Disclaimer
From FootballIdiot
The "League" is a fictional entity of my creation, which is presently played out in the Madden 2008 video game for the PC. It represents an "alternate reality" of professional football.
Several of the venues are real, while others are fictional. The Toronto Grudlies play at Synergystic Stadium, which is actually a fictional arena which existed in Front Page Sports Football Pro 98.
History
While serving in the Marine Corps in the late 80's/early 90's, I had a Commodore 64 with a copy of Accolade Software's 4th and Inches. I created my own custom team, populating it with the personalities of Marines whom I was serving with. We would have competitions in the bachelor barracks on the game, and I would always end up matched up against the "Bruisers," who were a stock team in the game. They were superior and I frequently got beaten.
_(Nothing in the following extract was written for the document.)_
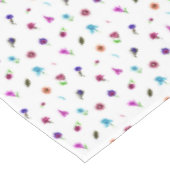 Nappe Impression à fleurs violettes et bleues, impressio (Angle)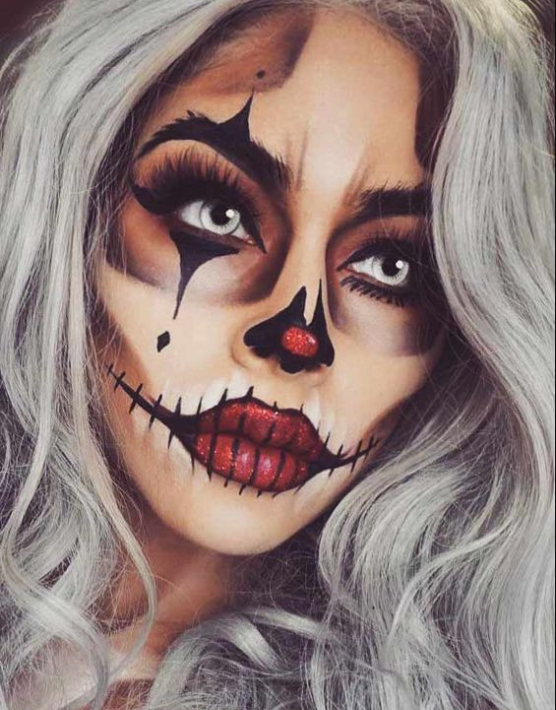 мейкап на хэллоуин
When I obtained a PC, my first software purchase was a game by a new company called Sierra, titled Front Page Sports: Football. This version didn't even ship with NFL teams, but with an entire league of fictional players. I again programmed in my "29 Palms Desert Rats" and also the Bruisers, whom I placed in Chicago, and gave other cities teams to populate the league. This was also when the Toronto Grudlies were invented... I needed a name for a team in Toronto, and I remembered an old video game called "Gruds in Space" for the C64 and Apple, so I used this name. I never played against them and subsequently forgot about them when I stopped playing after a few seasons.
In the mid-90's when I got out of the Marines, I was in Walmart and saw a new version of the FPS game, Football Pro 95. Bought it and installed it. I recreated some of the key teams from the last time I'd had the game, but as I'd left 29 Palms in real life, I figured I'd make a similar move in the football universe as well. That was when I remembered the Toronto Grudlies, so I chose that as my team. FPS FB95 had a "fantasy draft" which released all players to a pool and could then automatically draft them, so I did that. Then I worked on building a contender.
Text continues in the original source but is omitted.